Citra terkekeh. "Bisa dibilang begitu. Apalagi setelah saya melewati hari ini."

Dahi Indra berkerut. "Maksudnya?"

"Entah kenapa saya merasa sedikit tenang bisa mengenal Mas Indra."

Satu alis Indra terangkat, tangannya memindah kopling kemudian berhenti ketika lampu merah menyala.

"Paling nggak, saya punya satu orang yang mengingatkan untuk menjalankan ibadah. Kewajiban umat manusia."

Mulut Indra terbuka, memahami yang dimaksud Citra.

"Ya begitulah, Mas. Suami saya jarang ... hampir nggak pernah mengingat Tuhannya. Jadi, saat Mas Indra mengajak saya salat, saya sedikit tersentil."

Indra tertawa. "Saya nggak bermaksud menyinggung, lho. Itu sudah kebiasaaan.

"Iya, saya tahu."

Lampu merah berubah menjadi hijau. Indra mulai melajukan mobilnya lagi, berjalan perlahan seolah-olah ingin lebih lama berada di dalam mobil bersama Citra. Dia ingin sekali mendengar wanita ini berbicara tentang kehidupannya, tentang kehidupan yang tidak diketahui Indra. Entah kenapa dia begitu tertarik. Tiba-tiba sebuah ide terlintas untuk bisa berlama-lama dengan wanita ini.

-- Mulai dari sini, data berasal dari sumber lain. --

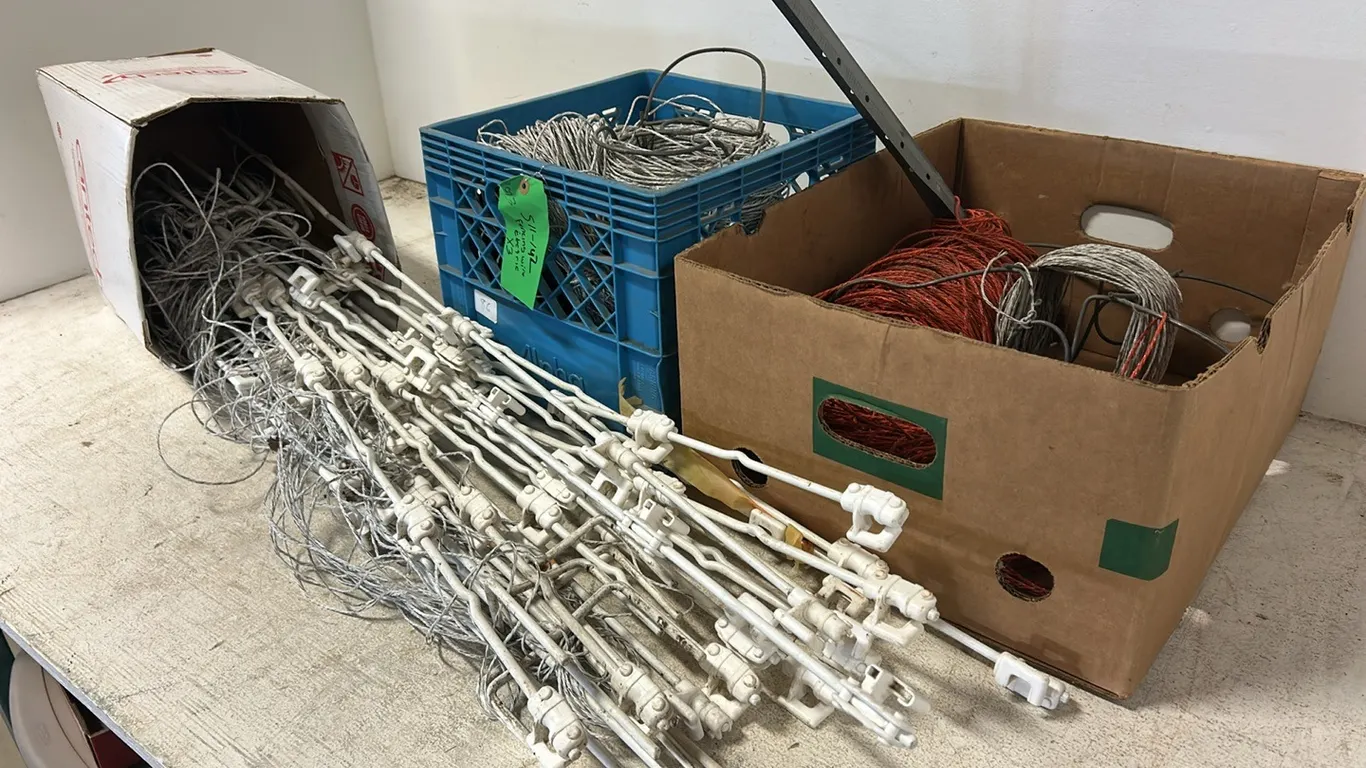 Portable Electric Fencing Equipment, Including Step-in Posts and Rolls of Electric Fencing Wire, Marked 142 (P9-K-S11)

"Semoga pertemuan saya dengan Mas Indra bisa membawa kebaikan dalam hidup saya."

"Amin. Semoga kita sama-sam memperbaiki diri. Tapi ngomong-ngomong, kita mampir ke mini market dulu, ya. Aku mau beli kopi instan dulu." Kepala Citra mengangguk. "Satu lagi, mulai sekarang ganti kata 'saya' menjadi 'aku'. Anggap aku teman barumu."

"Ah?"

"Iya, di kantor juga seperti itu. Kita sekarang teman. Seperti Irwan, Arya dan Rara yang juga temanku." Dia memutar kemudi ke kiri kemudian mobil itu memasuki parkiran mini market. "Kita turun dulu, oke!"